# I hate manual labor



## theghost0991

I currently work in a labor office and am trying to get out. People keep offering driving jobs and jobs as a tradesmans apprentice, and don't get why I don't want the job. I would rather be a cashier and only have to deal with *******s for a few minutes tops. With manual labor, 9/10 times your boss and all of your coworkers are *******s. I am also going to school to be a software programmer, work in an office. And people keep telling me white collar is for pussies and people who don't want to work hard. I am just sick of people telling me how to live...


----------



## Dark Soul

Haha...they are just jealous that you are bettering yourself and will eventually lap them. White collar is for pussies? Oh, that's rich. I work a white collar job and, yeah, I enjoy not having to dig ditches or drive trucks and deal with all the garbage that they have to do, not to mention that damage that labor type jobs do their bodies. I know a guy who has done manual labor jobs all his life..now he has a bad back because of it. While I go to a job that doesn't require any physical labor and my body is just fine. Laugh last, man. They just don't want you to succeed.


----------



## nubly

Best thing about a white collar job is that you don't have to use a port o potty.


----------



## theghost0991

Dark Soul said:


> Haha...they are just jealous that you are bettering yourself and will eventually lap them. White collar is for pussies? Oh, that's rich. I work a white collar job and, yeah, I enjoy not having to dig ditches or drive trucks and deal with all the garbage that they have to do, not to mention that damage that labor type jobs do their bodies. I know a guy who has done manual labor jobs all his life..now he has a bad back because of it. While I go to a job that doesn't require any physical labor and my body is just fine. Laugh last, man. They just don't want you to succeed.


Yeah f uck them!


----------



## visualkeirockstar

That's what i do and it sucks.


----------



## blue2

I've done the manual labor jobs the only good thing, they keep you fit and strong but I did hurt my back a couple times from having to lift 150lbs by myself, and some of the hours can be ridiculous with no overtime paid and no lunchbreak if you let them away with it plus the bosses are dicks :yes


----------



## Hikikomori2014

lol at "And people keep telling me white collar is for pussies and people who don't want to work hard."

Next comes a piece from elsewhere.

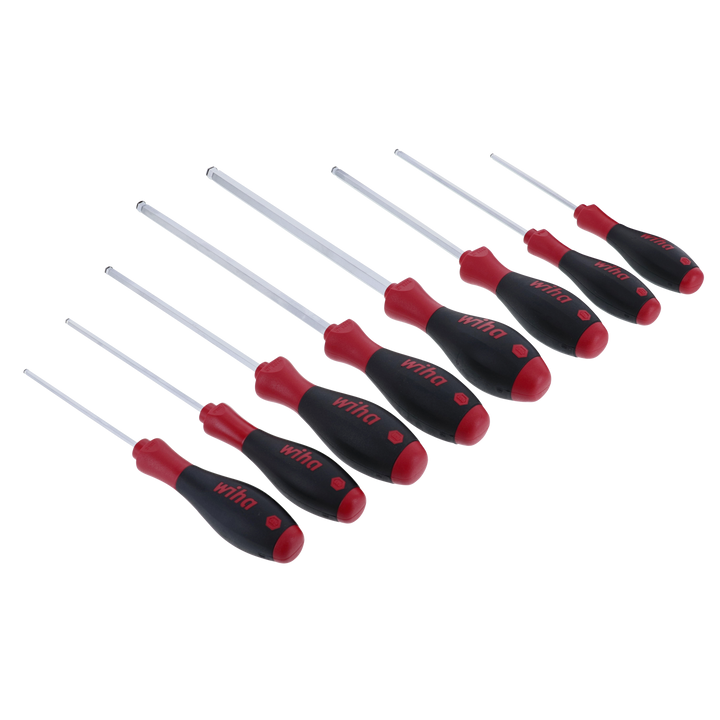 Wiha Tools 36793 MagicRing® Ball End Inch Screwdriver 8 Piece Set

There is a phrase I go by: "Work smarter, not harder".
White collar is where the real money is.
Anyone telling you otherwise, just wants to keep you suffering with them



theghost0991 said:


> I currently work in a labor office and am trying to get out. People keep offering driving jobs and jobs as a tradesmans apprentice, and don't get why I don't want the job. I would rather be a cashier and only have to deal with *******s for a few minutes tops. With manual labor, 9/10 times your boss and all of your coworkers are *******s. I am also going to school to be a software programmer, work in an office. And people keep telling me white collar is for pussies and people who don't want to work hard. I am just sick of people telling me how to live...


----------



## Remnant of Dawn

theghost0991 said:


> I currently work in a labor office and am trying to get out. People keep offering driving jobs and jobs as a tradesmans apprentice, and don't get why I don't want the job. I would rather be a cashier and only have to deal with *******s for a few minutes tops. With manual labor, 9/10 times your boss and all of your coworkers are *******s. I am also going to school to be a software programmer, work in an office. *And people keep telling me white collar is for pussies and people who don't want to work hard. I am just sick of people telling me how to live...*


Those people are idiots.


----------



## blue2

Remnant of Dawn said:


> Those people are idiots.


My last boss worked in the office came into work at around 10am hungover some days, worked for 4 hours went home was getting double my wage, I came in at 6am worked between 12 and 16 hours hard manual labor who was the idiot..me.. did that for 5 years


----------



## icewater

I'm also interested in becoming a Software Programmer. I'm currently in an associate degree program for IT, but i'm planning on going to a university to get a bachelors degree in Computer Science or Information Systems.

I think software developing is where the big money is. You can distribute programs via download and sell an infinite amount of copies. 

One thing I have learned over the years is to stop looking for encouragement when you know there is none to be found, but keep hoping it will change. I learned this the hard way with my parents .

Work smart, not hard!


----------



## TicklemeRingo

I love it, tbh.


----------



## AussiePea

Do 50/50, it's the best of both worlds. I sit on my *** for 40 hours one week and I'm non stop working on a car the next. Variety is the key to not losing the will to live with a career.


----------



## theghost0991

AussiePea said:


> Do 50/50, it's the best of both worlds. I sit on my *** for 40 hours one week and I'm non stop working on a car the next. Variety is the key to not losing the will to live with a career.


Why would I want to deal with this **** 50% of the time?


----------



## AussiePea

theghost0991 said:


> Why would I want to deal with this **** 50% of the time?


*Backs away slowly*. As you were.


----------



## theghost0991

AussiePea said:


> *Backs away slowly*. As you were.


Sorry, didn't mean to snap at you. Working in a labor office just kind of...gets old after a while.


----------